Aggregate welfare is computed as the sum of individual welfare over all participants. This approach corresponds to the standard method of measuring welfare from an economic perspective. A complementary measure of aggregate welfare—relevant for the medical application we study—is the overall number of patients treated. This approach abstracts away from differences in WTP across countries and thus treats each patient as having equal weight.

In terms of analysis, nonparametric tests (Mann–Whitney U tests) were used to compare outcomes between experimental arms. To check the robustness of the nonparametric tests, we run regressions of the outcome variables on treatment dummies, clustering SEs at the group level. As controls, we add survey-elicited (preference) measures on participants willingness to take risks, their altruism, competitiveness as well as gender, age, and study type (32, 33). In addition, we analyzed how prices respond to R&D costs Ordinary Least Squares regression (OLS).

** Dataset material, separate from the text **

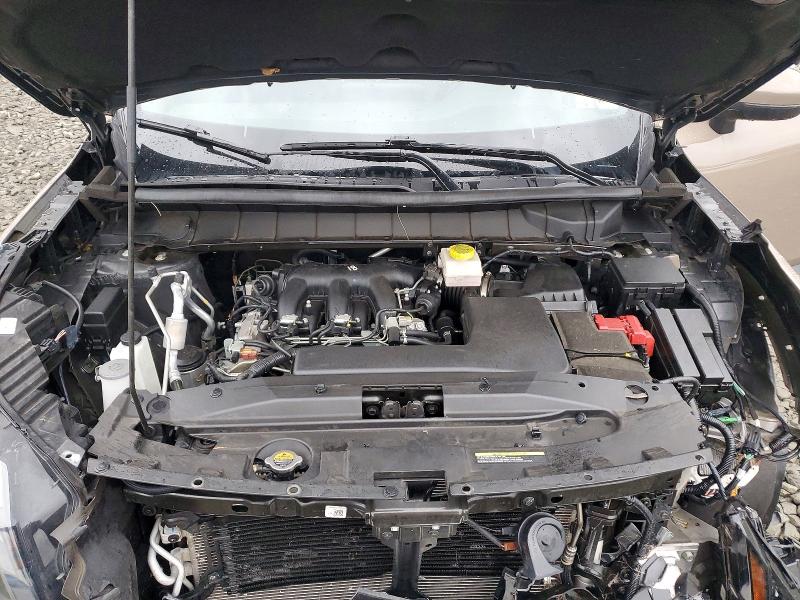 Photo 12 from auction – 2024 NISSAN PATHFINDER with VIN 5N1DR3BD1RC208307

Across all experimental arms, price agreement was almost always reached (in 98.4% of cases or more). Therefore, we only analyze prices for periods and countries where agreement was reached. The experiment and its analysis were preregistered at the American Economic Associations’ RCT registry for experiments and a detailed analysis plan can be found there (34). The set-up of the market game, the experimental timeline, the main outcomes, and the experimental implementation can be found in the Supplementary Data S1, the instructions to the participants in the Supplementary Data S2. Prior to running, the program was tested with Dutch and international participants. There were no real patients involved and data were anonymized. Institutional Review Board approval was obtained from the Economics & Business Ethics Committee at the University of Amsterdam (Amsterdam, the Netherlands; reference EC 20210201060246, February 1, 2021).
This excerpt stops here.